2 minute read
2 Verbintenissen uit eenzijdige rechtshandeling: de eenzijdige wilsuiting
Hoofdstuk 2 Verbintenissen uit rechtshandelingen
1. Verbintenis uit eenzijdige rechtshandeling. Wanneer een persoon eenzijdig zijn wil uit om verbintenissen op zich te nemen, ontstaan er ‘verbintenissen uit een eenzijdige rechtshandeling’.
2. Bindend karakter? Er heeft enige tijd onzekerheid bestaan over de vraag of een persoon zichzelf kan verbinden louter door zijn eenzijdige wilsuiting en zonder de aanvaarding van de wederpartij tot wie hij zich richt. Artikel 1370 oud BW (dat de bronnen van verbintenissen opsomt) maakt immers geen melding van eenzijdige rechtshandelingen.
Uiteindelijk heeft het Hof van Cassatie bevestigd dat er uit eenzijdige rechtshandelingen verbintenissen kunnen ontstaan. Het Hof deed dat onder meer in twee arresten uit 198030 over het aanbod. In de daaropvolgende jaren heeft het dat standpunt herhaaldelijk bevestigd.
Voorbeelden
Vandaag worden in de rechtsleer en rechtspraak verschillende voorbeelden van verbintenissen uit eenzijdige wilsverklaringen erkend, zoals het aanbod, de aanvaarding, de eenzijdige beloningsbelofte (of de uitloving van een prijs) en de bankgarantie op eerste verzoek. Ook een betaling, een ingebrekestelling, een buitengerechtelijke ontbindingsbeslissing of een opzegging van een overeenkomst zijn eenzijdige rechtshandelingen.
3. Toepasselijke regels. Het volstaat hier te onthouden dat men de regels over de verbintenissen uit overeenkomst zo veel mogelijk naar analogie toepast op de verbintenissen uit eenzijdige wilsuiting.
Zo gelden de vier geldigheidsvoorwaarden voor contracten (wilsuiting, bekwaamheid, voorwerp en oorzaak) die zijn opgesomd in artikel 1108 oud BW ook voor verbintenissen uit eenzijdige rechtshandelingen.
Ook de regels inzake interpretatie worden zo veel mogelijk overgenomen.
Hetzelfde geldt voor de regels in verband met de sanctionering van verbintenissen. Weigert een schuldenaar van een eenzijdig aangegane verbintenis om zijn verbintenis vrijwillig na te komen, dan zal de rechter ook hier de gedwongen uitvoering in natura bevelen of – in ondergeschikte orde – de uitvoering bij equivalent.

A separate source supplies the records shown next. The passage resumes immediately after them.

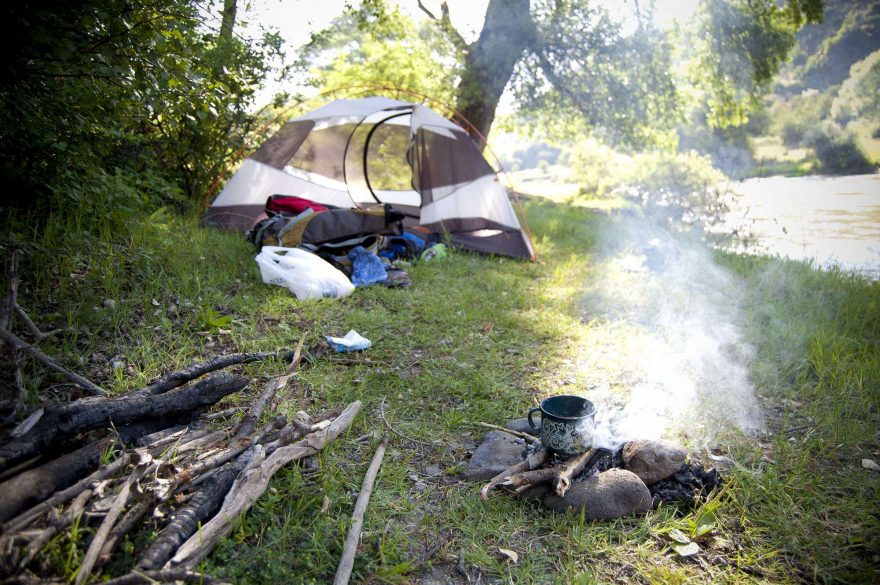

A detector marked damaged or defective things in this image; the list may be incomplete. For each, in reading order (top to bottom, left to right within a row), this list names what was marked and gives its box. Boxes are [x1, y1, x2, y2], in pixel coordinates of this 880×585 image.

burnt wood ember [648, 460, 720, 506]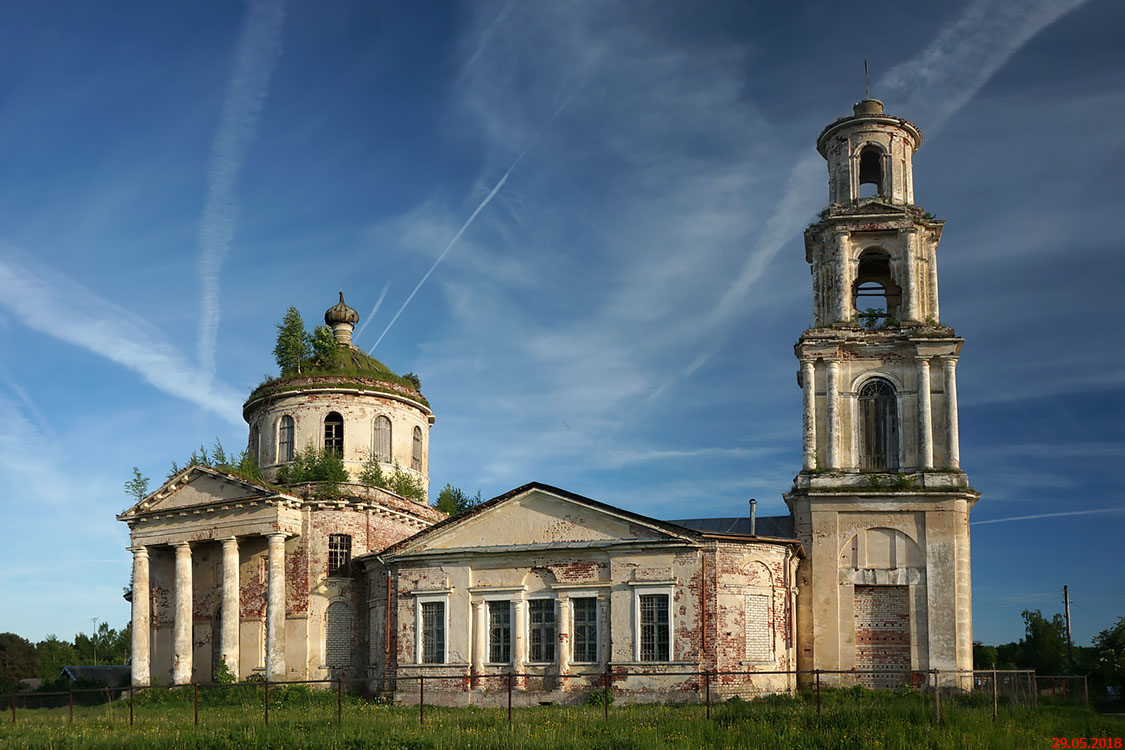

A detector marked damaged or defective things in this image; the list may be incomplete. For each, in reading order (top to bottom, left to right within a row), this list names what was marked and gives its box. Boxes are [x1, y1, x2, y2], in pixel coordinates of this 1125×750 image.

rusted iron fence [2, 668, 1080, 728]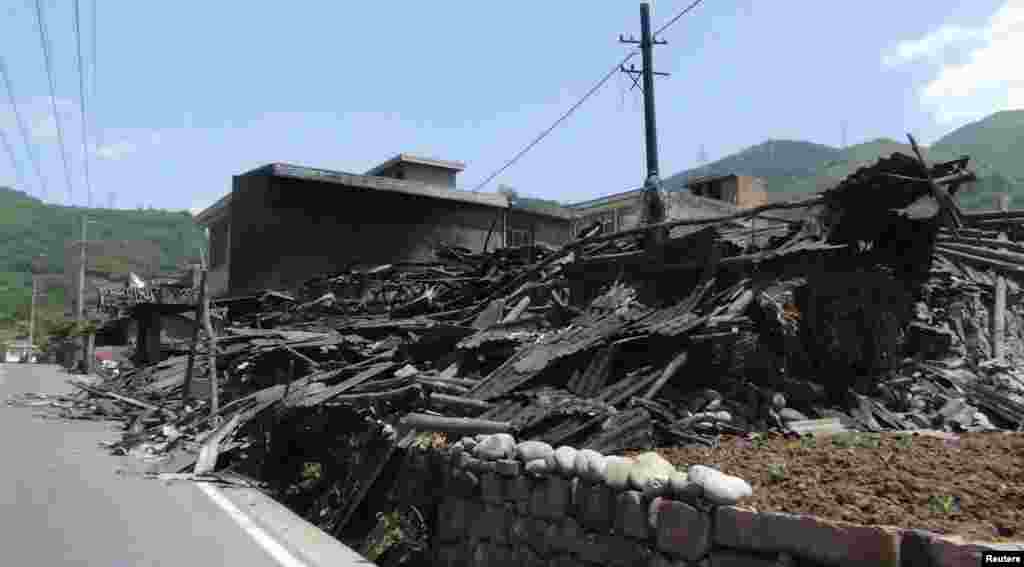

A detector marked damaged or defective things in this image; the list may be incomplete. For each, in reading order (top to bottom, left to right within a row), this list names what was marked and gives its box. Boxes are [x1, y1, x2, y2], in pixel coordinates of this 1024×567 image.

broken wooden beam [398, 414, 512, 438]
earthquake damage [12, 149, 1024, 564]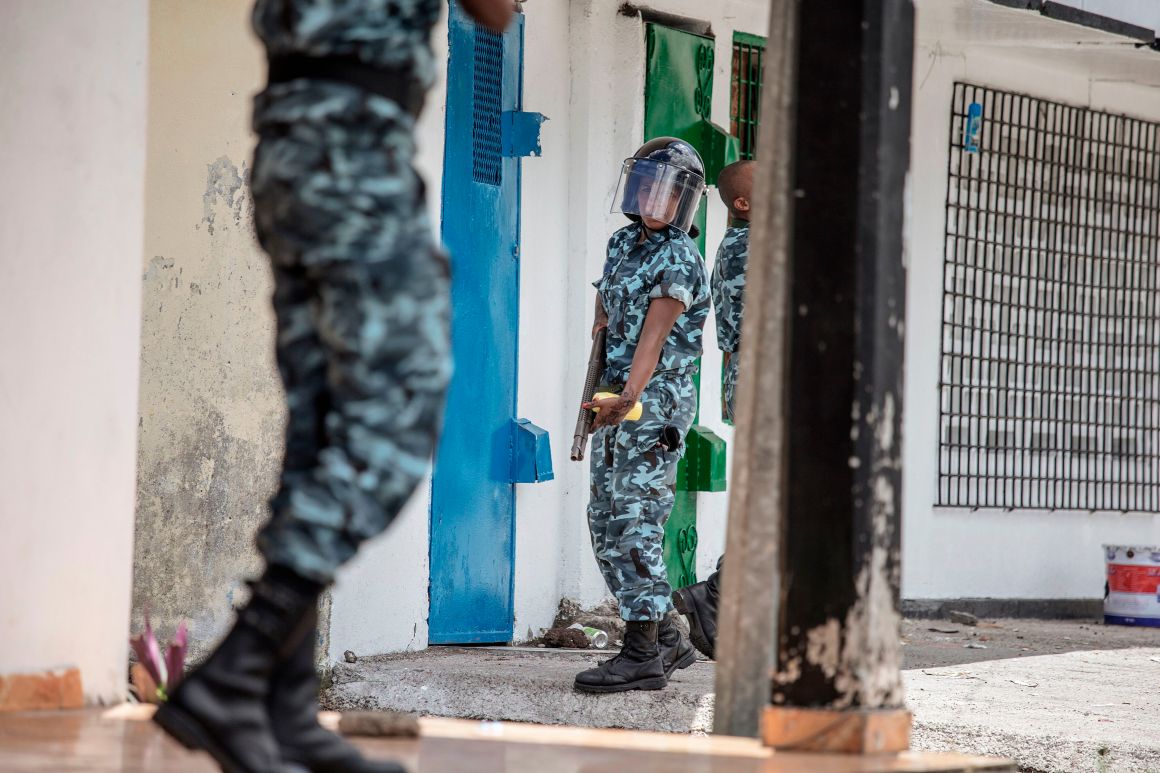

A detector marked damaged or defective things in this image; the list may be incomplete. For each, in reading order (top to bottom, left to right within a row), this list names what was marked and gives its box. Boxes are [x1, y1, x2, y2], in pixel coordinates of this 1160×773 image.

Het bewijsrecht, dat vervat zit in Boek 8 van het Burgerlijk Wetboek, besteedt wel bijzondere aandacht aan de eenzijdige rechtshandelingen. Het bewijs van een eenzijdige rechtshandeling kan in principe met alle bewijsmiddelen worden geleverd (artikel 8.10, eerste lid BW). Op deze regel wordt wel één uitzondering gemaakt. Een eenzijdige verbintenis om een geldsom te betalen of om een zekere hoeveelheid vervangbare zaken te leveren, kan slechts bewezen worden door middel van een geschrift dat ondertekend is door diegene die zich verbindt en waarop de schuldenaar zelf de som of hoeveelheid voluit in letters heeft geschreven (artikel 8.10, derde lid BW juncto artikel 8.21 BW). Iedere overeenkomst die afwijkt van deze regel is nietig.
30 Cass. 9 mei 1980, Arr.Cass. 1979-80, 1132, noot, Bull. 1980, 1121, noot, Pas. 1980, I, 1121, noot, RW 1982-83, 319 en T.Aann. 1981, 146, noot M. SENELLE.
Hoofdstuk 2 Verbintenissen uit rechtshandelingen
Vooruitblik naar het nieuwe Boek 5 van het Burgerlijk Wetboek
Het oud Burgerlijk Wetboek vermeldt de eenzijdige rechtshandeling niet als bron van verbintenissen. In de ontwerpteksten van het nieuwe Boek 5 van het Burgerlijk Wetboek wordt dit aangepast. Die ontwerpteksten vernoemen de eenzijdige rechtshandeling voortaan wel als bron van verbintenissen, maar vermelden voorts nog steeds weinig bijzondere regels voor die categorie van verbintenissen. De ontwerpteksten beperken zich tot de mededeling dat de eenzijdige rechtshandeling onderworpen is aan de eigen regels (die verder niet gespecifieerd worden), aan de regels die gelden voor de contracten en aan het algemeen juridisch regime van de verbintenis.